Canada has drawn up plans to evacuate hundreds of thousands of its citizens from Hong Kong if necessary, but officials have cautioned they can do little for pro-democracy activists seeking refuge from the Chinese authorities.
Jeff Nankivell, Canada’s consul general in Hong Kong and Macao, told a parliamentary committee the federal government had drafted plans to assist nearly 300,000 Canadians living in in the territory if the security situation deteriorated.
“We do have detailed plans in place and we have resources available and identified to cover a range of situations up to, and including, a situation where the urgent departure of a large number of Canadians would be necessary,” he said.
“The likelihood of that kind of extreme scenario appears right now to be low, but it’s our job to plan for the most extreme situations.”
The potential need for evacuation plans was underlined by China’s decision in the summer to enact a controversial security measure. The law, which critics say has criminalised activism and dissent in Hong Kong, has stifled pro-democracy movements and had a chilling effect on media, education and politics.
Nankivell’s testimony is likely to further escalate tensions between China and Canada.
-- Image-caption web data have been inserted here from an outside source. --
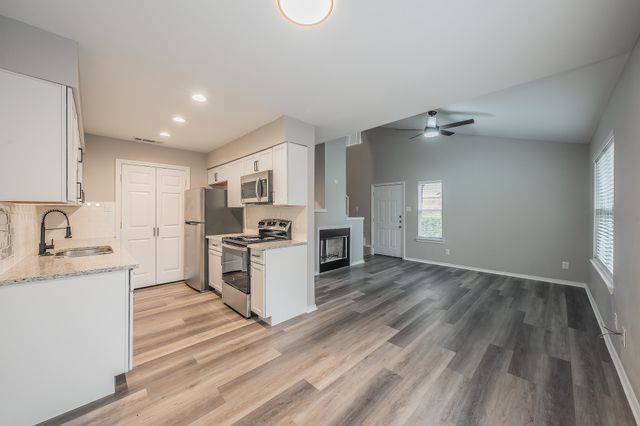 5662 Cedar Creek Drive, Benbrook, TX 76109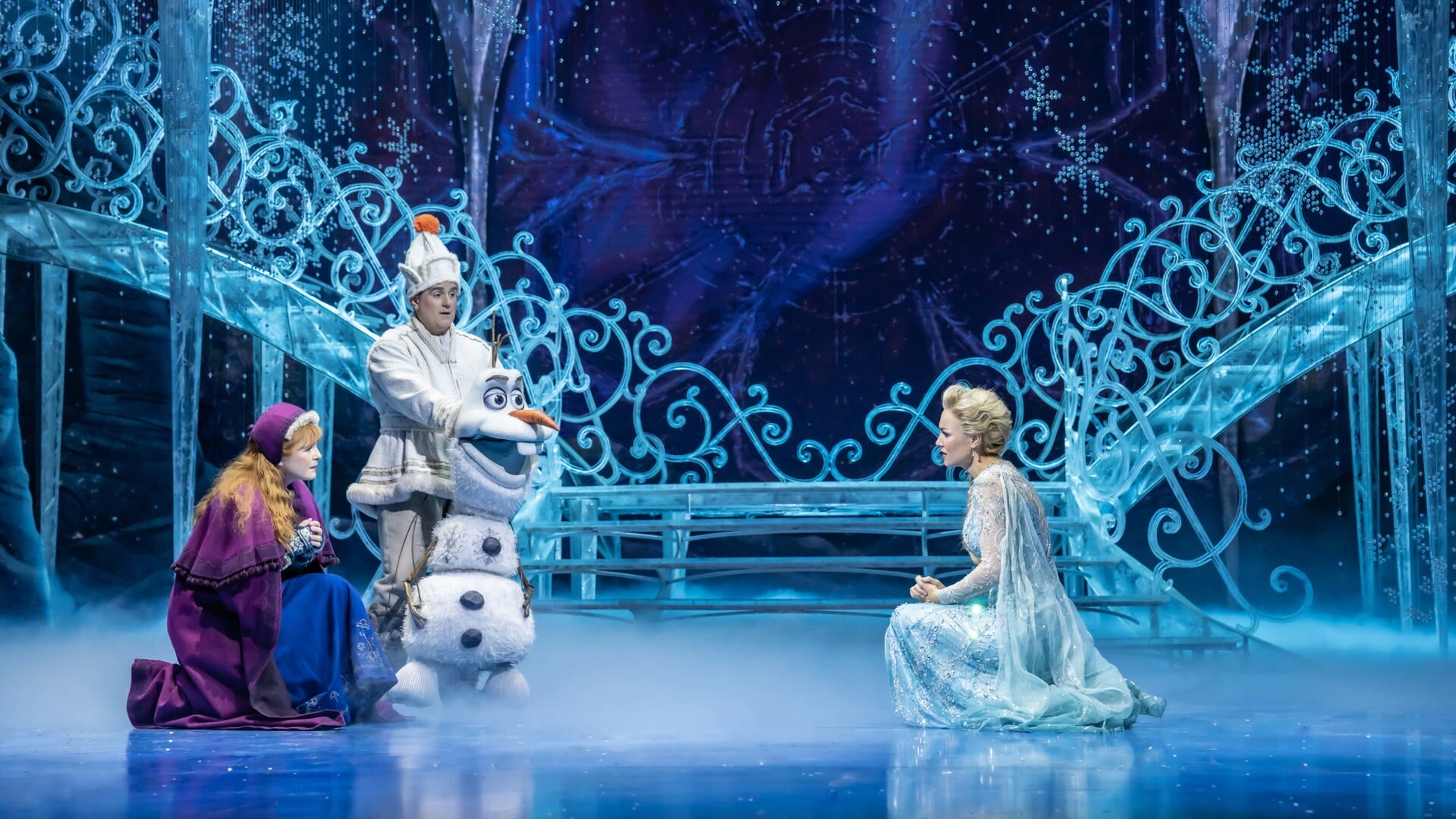 Anna, Olaf en Elsa komen in 2024 tot leven op het toneel in Scheveningen.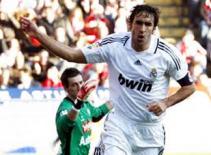 Real được lợi nếu BTC thay đổi lịch vòng 30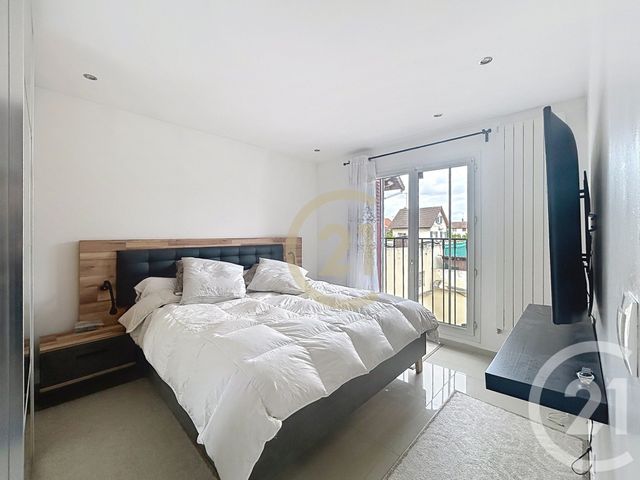 maison à vendre - 5 pièces - 88.37 m2 - BONDY - 93 - ILE-DE-FRANCE - Century 21 Ricard Immobilier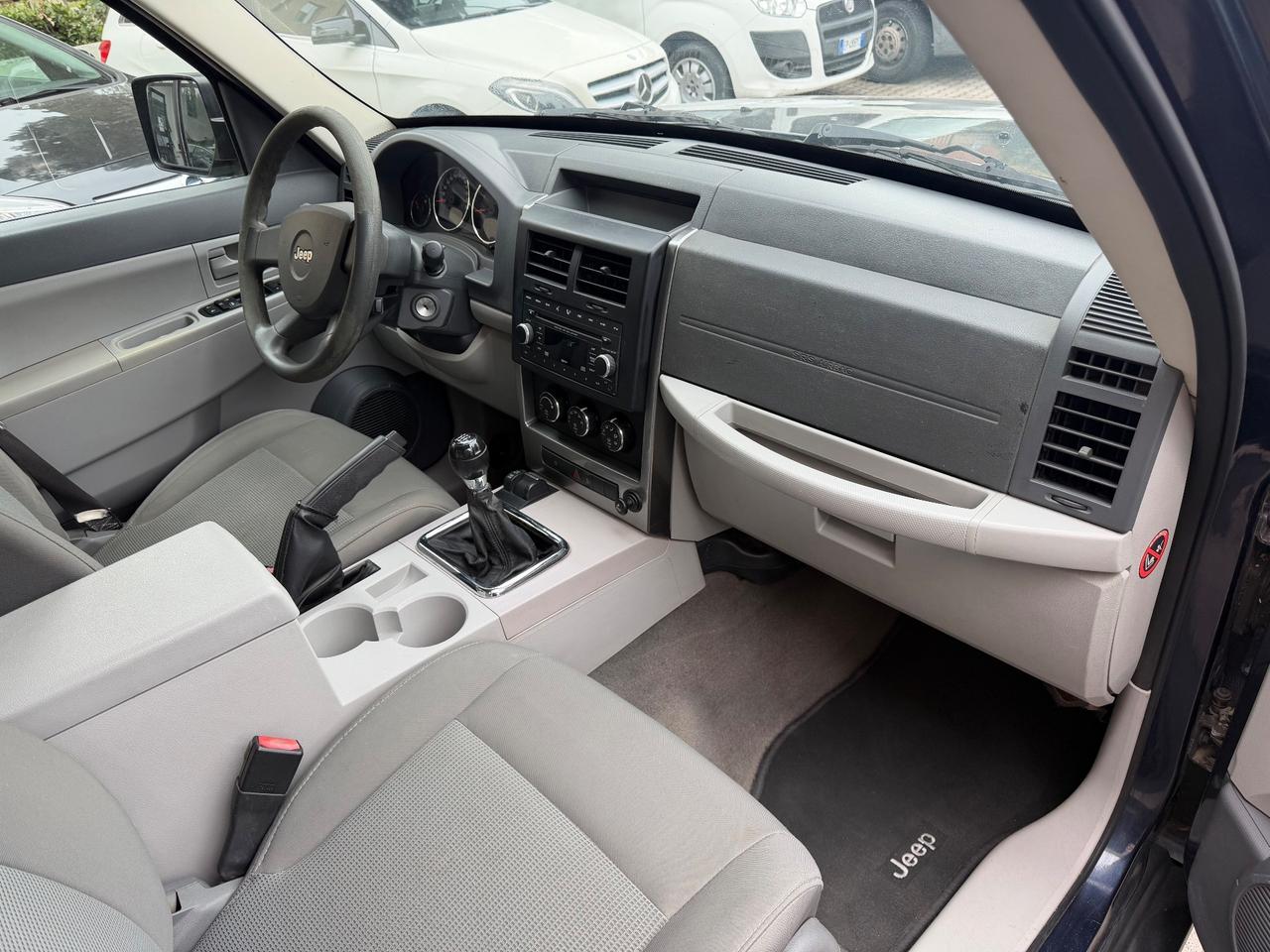 Jeep Cherokee 4x4 con ridotte 2.8 CRD Limited-Gancio Traino-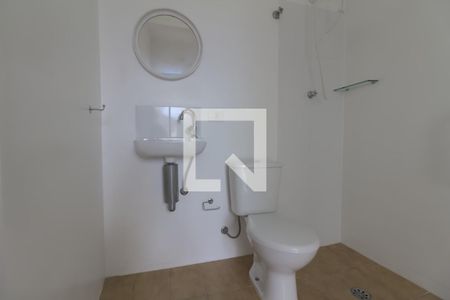 Casa à venda com 300m², 4 quartos e 2 vagas Casa à venda com 300m², 4 quartos e 2 vagasBanheiro de Serviço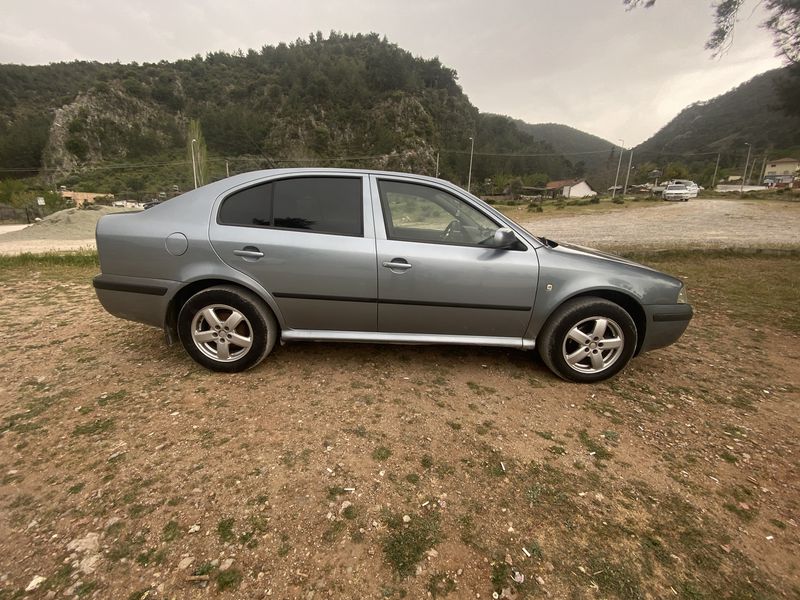 Škoda Octavia • 2006 • 226,000 km 9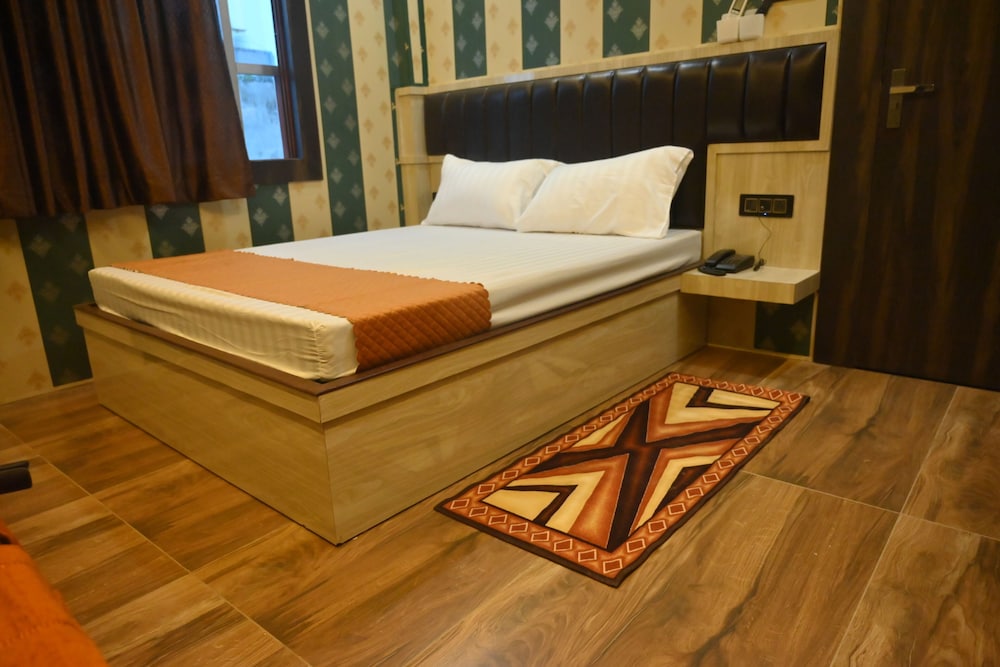 Standard Double Room - Photo 1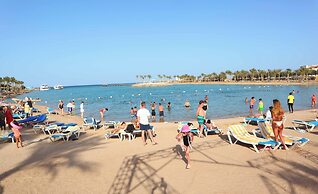 Hostgool Beach Chalets Mirage Bay Resort & aqua park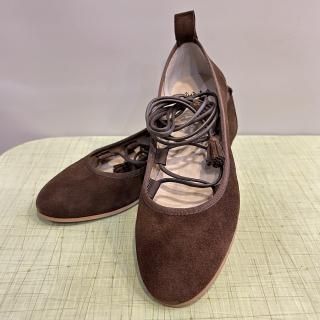 <img class='new_mark_img1' src='https://img.shop-pro.jp/img/new/icons6.gif' style='border:none;display:inline;margin:0px;padding:0px;width:auto;' />Judy Brown Suede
After Ottawa expressed support for activists in Hong Kong, China’s ambassador to Canada, Cong Peiwu, said any “interference in China’s domestic affairs” could potentially jeopardise the “ the good health and safety” of Canadian citizens living in in the territory.
Canada’s prime minister, Justin Trudeau, quickly condemned the ambassador’s remarks, and accused China of “coercive diplomacy.”
Canada has plans for a large-scale evacuation, but Nankivell said his staff were unable to help asylum seekers looking for protection at the consulate.
“The global policy of Canada, similar to most other countries, is that our diplomatic missions, including consulates, do not accept applications of asylum at our offices from people who are in their own territory,” he said, adding that no one had yet tried to claim asylum.
In contrast to Canada’s evacuation plans, the UK has said it would extend immigration rights to Hong Kong residents who hold a British National Overseas (BNO) passport. There are currently 300,000 BNO passport holders – those who were born before the 1997 handover of the British territory – but as many as 3 million people could qualify.
China has criticised the plan. Its foreign ministry recently told the UK to “immediately correct its mistakes” and rescind the offer, according to Reuters.
The new visas would permit five-year entry, as opposed to the current six months, and applications open on 31 January. The UK has not yet said what measures are in place to aid its 30,000 citizens living in Hong Kong.